Only the lines from the start of the data to the line containing "Handmade Prestige Roman", both included, should be output, exactly and without pictures.

Image-text web data

□ □ □ □ □

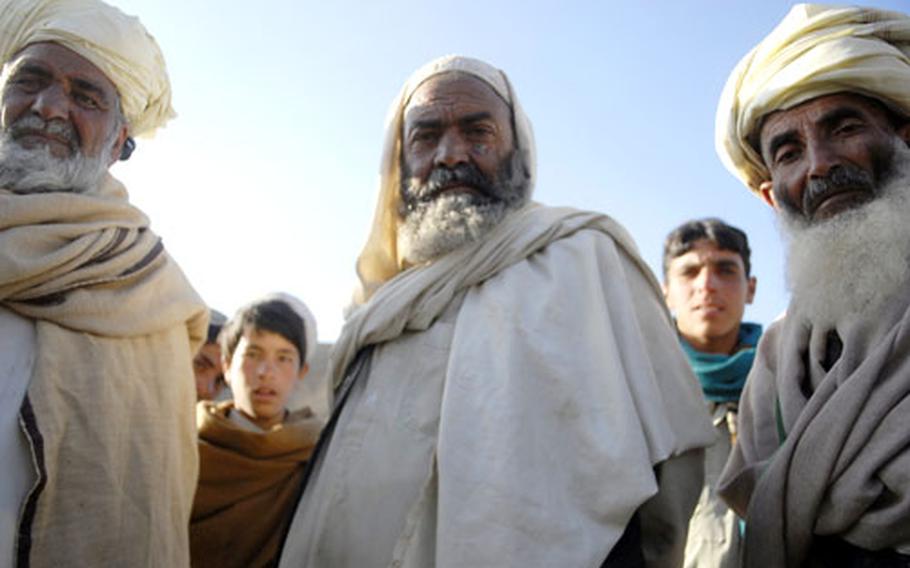 Village elders in Spise gaze into the camera of a photographer accompanying U.S. troops and Afghan police on a trip to assess the needs of remote villages of Logar Province. The people of the village get few visitors.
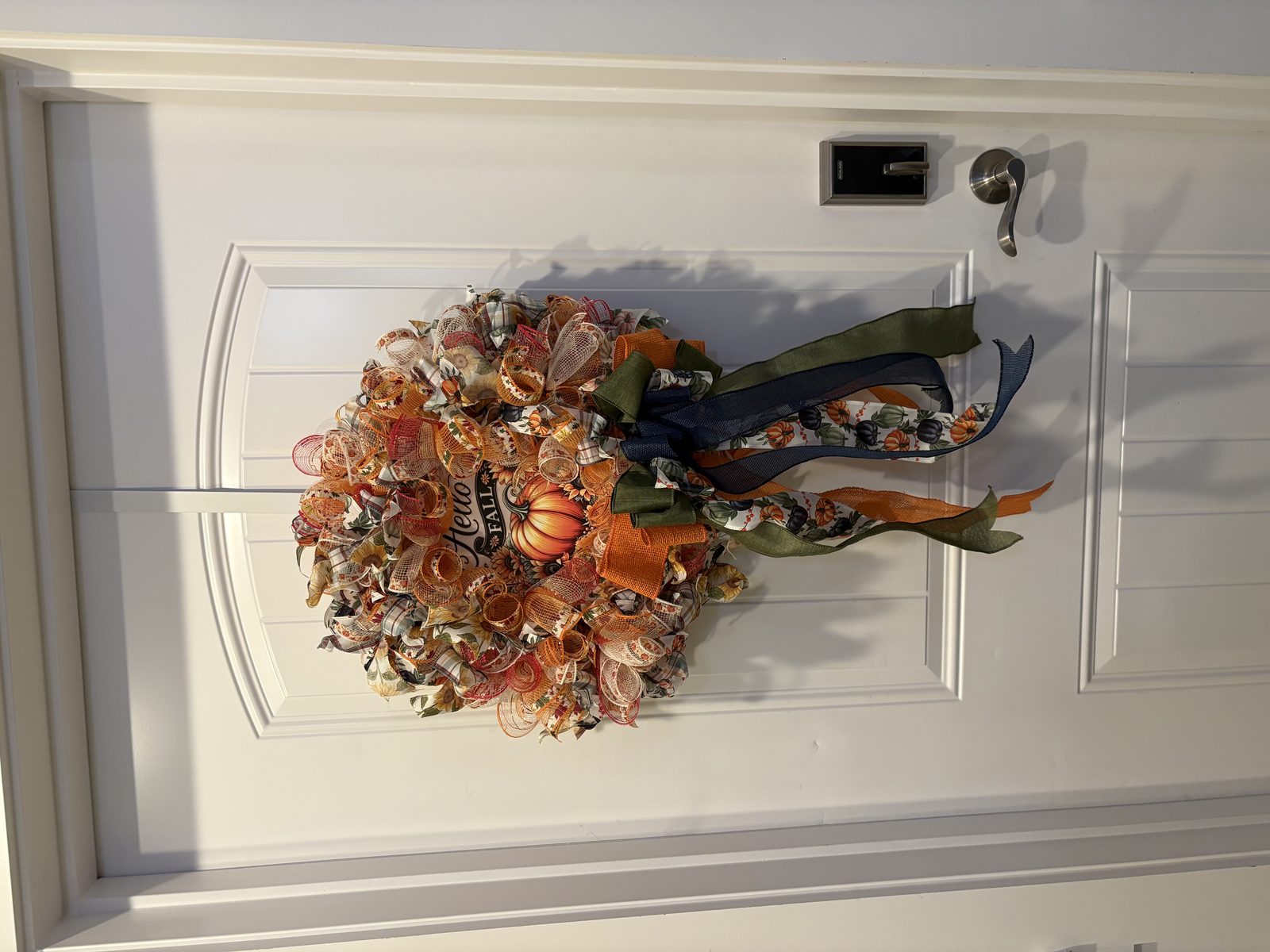 Small pumpkin wreath on a white door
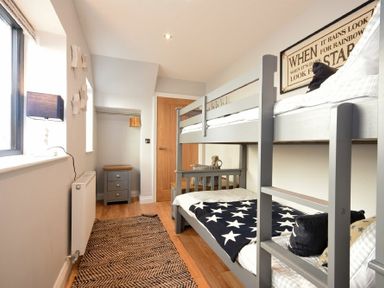 A bedroom with a bunk bed a rug on the floor and a small chest of drawers at Waters Edge Beadnell (Harbour Road) in Beadnell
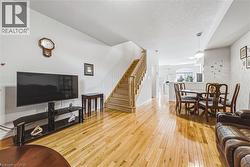 Bright open-concept living area featuring wood-finish flooring, a wood staircase with balusters, and a dining area with a pendant light fixture - 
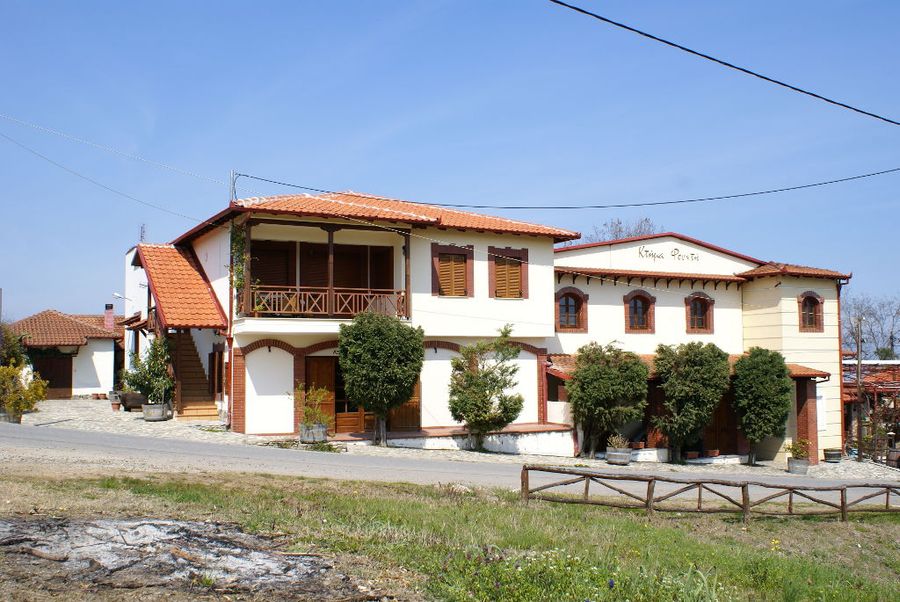 view of 'Foundi Estate' with pavement and green lawn in the front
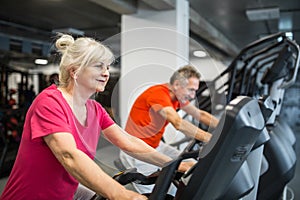 Happy senior lady training on spin bike at gym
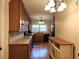 Functional kitchen equipped with wood cabinets, tile countertops and backsplash, and modern appliances at 1216 Eastwood Ave, Hanahan, SC 29410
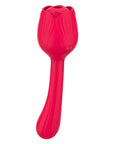 Rear view of the red Dora rose suction vibrator showing two magnetic charging contacts below the petals and a long curved stem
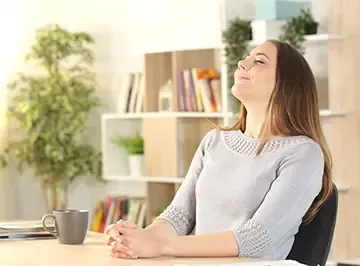 Frau am Schreibtisch lehnt sich entspannt zurück und atmet durch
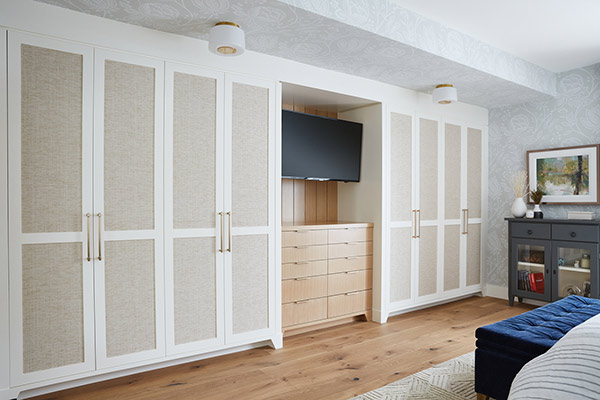 Stylish bedroom with white cabinets featuring linen panels, and a dark gray dresser on wooden flooring, in Calgary custom home built by Cortina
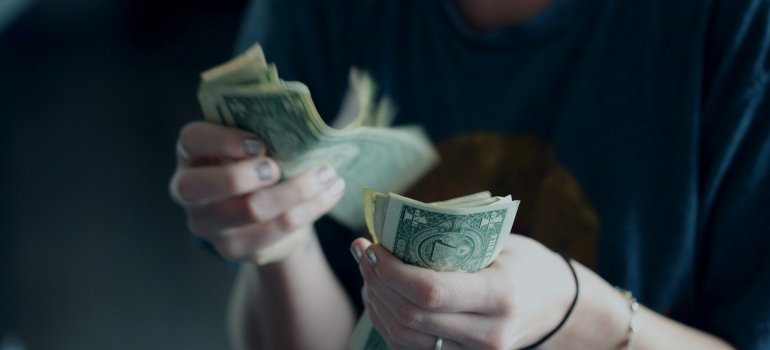 Person counting money because the moving rates in DC vary by season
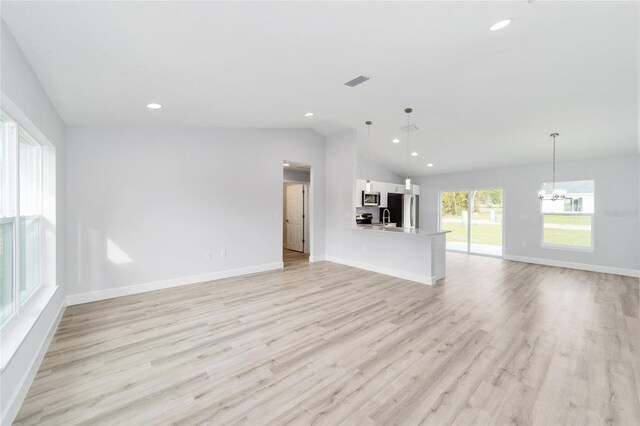 13779 SW 100th Ln, Dunnellon, FL 34432 - unfurnished living room with a chandelier, light wood finished floors, recessed lighting, baseboards, and lofted ceiling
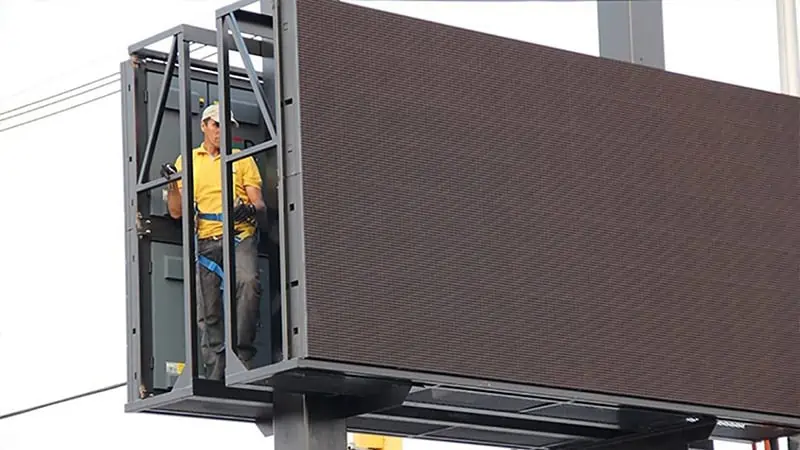 Technician installing or maintaining outdoor billboard structure highlighting execution and compliance in OOH advertising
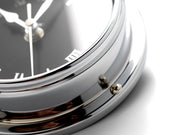 Handmade Prestige Roman Clock in Chrome with Jet Black Dial created with a mirrored backdrop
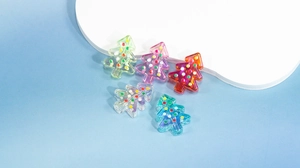 Vue macro de perles de sapin de Noël en acrylique coloré pour bijoux DIY et décoration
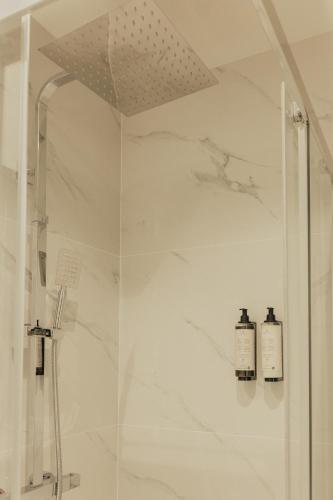 a bathroom with a shower with two soap bottles at Gerês Thermal Escape in Geres
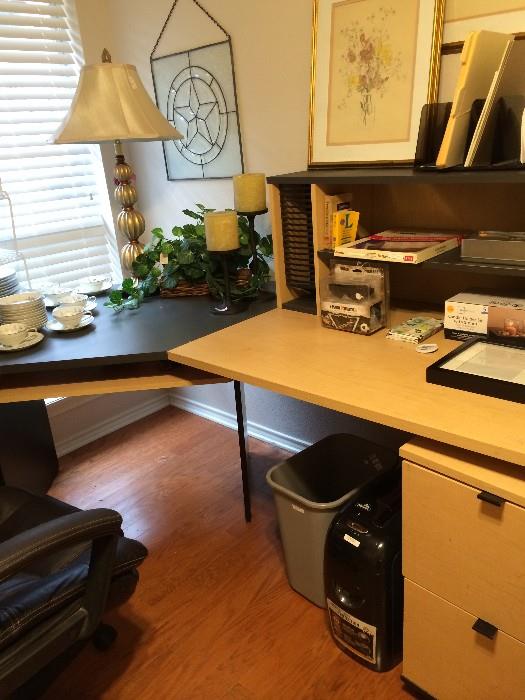                 Desk unit, lamp, and office supplies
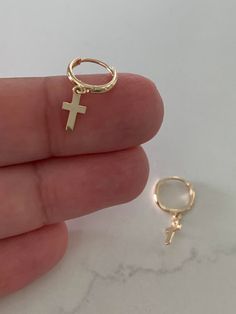 14K Gold Cross Huggie Earrings, Everyday Earrings, Gold Earrings, 14K Yellow Gold Hoops, 14K One Loop Hoops, JLO Hoops, Tiny Huggies, Hanging Cross Hoops, Huggie Earrings The 14K Gold Cross Hoops are beautiful. They are great for everyday wear. Available in yellow 14K gold. These earrings can be worn in combination of any other of our earring styles. A great idea for Valentine's Day, Mother's Day, Anniversaries and Christmas.♦ Materials: 14K Solid Gold♦ Available colors: Yellow Gold♦ Huggie Meas Earring Styles, Earrings Everyday, Christmas Material, Gold Disc, Solid Gold Earrings, Huggie Earrings, Gold Cross, Everyday Earrings, Dainty Earrings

□ □ □ □ □

● **Result of the exercise**
 Village elders in Spise gaze into the camera of a photographer accompanying U.S. troops and Afghan police on a trip to assess the needs of remote villages of Logar Province. The people of the village get few visitors.
 Small pumpkin wreath on a white door
 A bedroom with a bunk bed a rug on the floor and a small chest of drawers at Waters Edge Beadnell (Harbour Road) in Beadnell
 Bright open-concept living area featuring wood-finish flooring, a wood staircase with balusters, and a dining area with a pendant light fixture - 
 view of 'Foundi Estate' with pavement and green lawn in the front
 Happy senior lady training on spin bike at gym
 Functional kitchen equipped with wood cabinets, tile countertops and backsplash, and modern appliances at 1216 Eastwood Ave, Hanahan, SC 29410
 Rear view of the red Dora rose suction vibrator showing two magnetic charging contacts below the petals and a long curved stem
 Frau am Schreibtisch lehnt sich entspannt zurück und atmet durch
 Stylish bedroom with white cabinets featuring linen panels, and a dark gray dresser on wooden flooring, in Calgary custom home built by Cortina
 Person counting money because the moving rates in DC vary by season
 13779 SW 100th Ln, Dunnellon, FL 34432 - unfurnished living room with a chandelier, light wood finished floors, recessed lighting, baseboards, and lofted ceiling
 Technician installing or maintaining outdoor billboard structure highlighting execution and compliance in OOH advertising
 Handmade Prestige Roman Clock in Chrome with Jet Black Dial created with a mirrored backdrop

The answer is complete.